Two researchers in Swager’s lab–Jan M. Schnorr and Birgit Esser–created the sensor by connecting carbon nanotubes between two gold electrodes. (“They’re a little flexible,” Swager says, “somewhere between cooked spaghetti and uncooked spaghetti.”) They then attached copper-containing molecules to these tubes to catch ethylene, allowing the gas to be measured, and thereby detecting the difference between ripe and rotten. “If you control this, you can manage food in terms of distribution, storage, and strategic ripening,” he says. “If you can measure ethylene better, then that has big implications for probably one of the most important commodities: Food.”
The sensors are smaller than a conventional UPC bar code.

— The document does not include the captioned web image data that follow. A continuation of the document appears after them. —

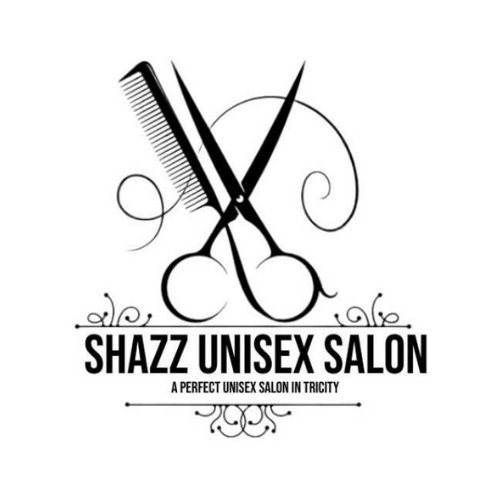 Shazz Unisex Salon Mohali logo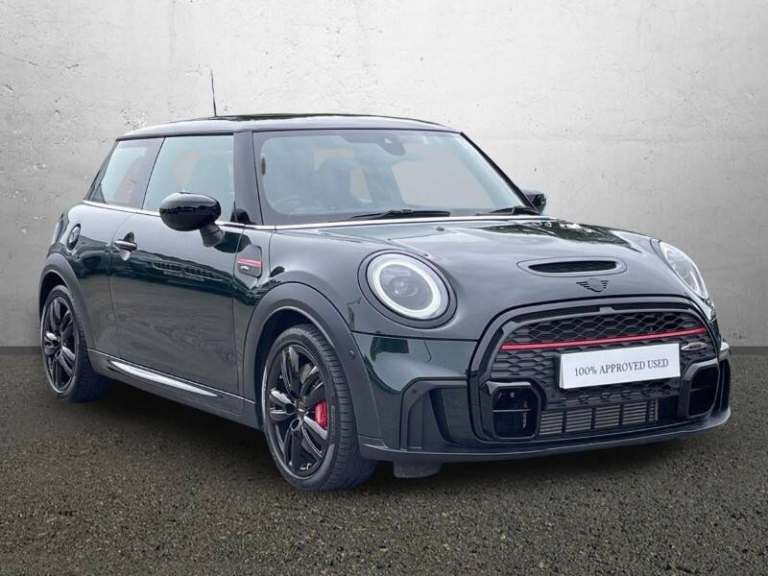 MINI HATCHBACK 2.0 John Cooper Works Premium Plus 3dr Auto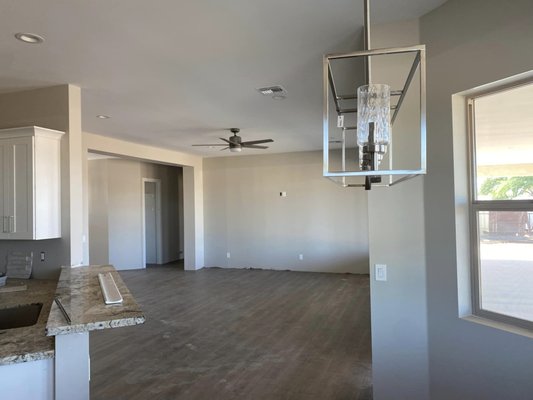 New investment property - This new home is actually on the market to be sold. New investment property - This new home is actually on the market to be sold.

They require little energy and can be built for a matter of cents. As such, Swager believes wireless RFID (radio-frequency identification) could send information from the nano-sniffing produce stickers to truckers, distributors, and storage facilities–telling them when to add fresh air or start pumping in ethylene gas. “You can slow things down or let them ripen faster when you have a system that can tell you when to ventilate,” he says. “You could even put a sensor on your own refrigerator at home.”
Before the remote ethylene sensors become a commercial reality and start to shrink our mountains of wasted shrink, the lab needs to put some finishing touches on its prototype. Swager says, “If you’re going to put this in anybody’s hands, you have to be able to dump beer on it and still have it work.” And if all goes as planned, he says he has another innovation that could transform the future of mushroom foraging. “I have a dream of developing a sensor so you don’t have to use dogs to find truffles.”